This is the general requisite for the creation of cybernetic restraint in any variable at any given position. The particular restraint created in any given instance will, of course, depend upon the characteristics of the particular circuit – whether its overall gain be positive or negative, its time characteristics, its thresholds of activity, etc. These will together determine the restraints which it will exert at any given position.

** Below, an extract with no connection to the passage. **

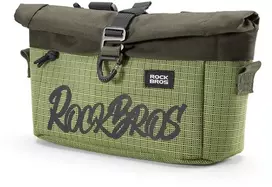 Rockbros W020-1 Sulankstomas dviračio krepšys ant vairo - Žalias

For purposes of cybernetic explanation, when a machine is observed to be (improbably) moving at a constant rate, even under varying load, we shall look for restraints – e.g. for a circuit which will be activated by changes in rate and which, when activated, will operate upon some variable (e.g. the fuel supply) in such a way as to diminish the change in rate.
When the monkey is observed to be (improbably) typing prose, we shall look for some circuit which is activated whenever he makes a “mistake’ ’and which, when activated, will delete the evidence of that mistake at the position where it occurred.
The cybernetic method of negative explanation raises the question: is there a difference between “being right” and “not being wrong”? Should we say of the rat in a maze that he has “learned the right path” or should we say only that he has learned “to avoid the wrong paths”?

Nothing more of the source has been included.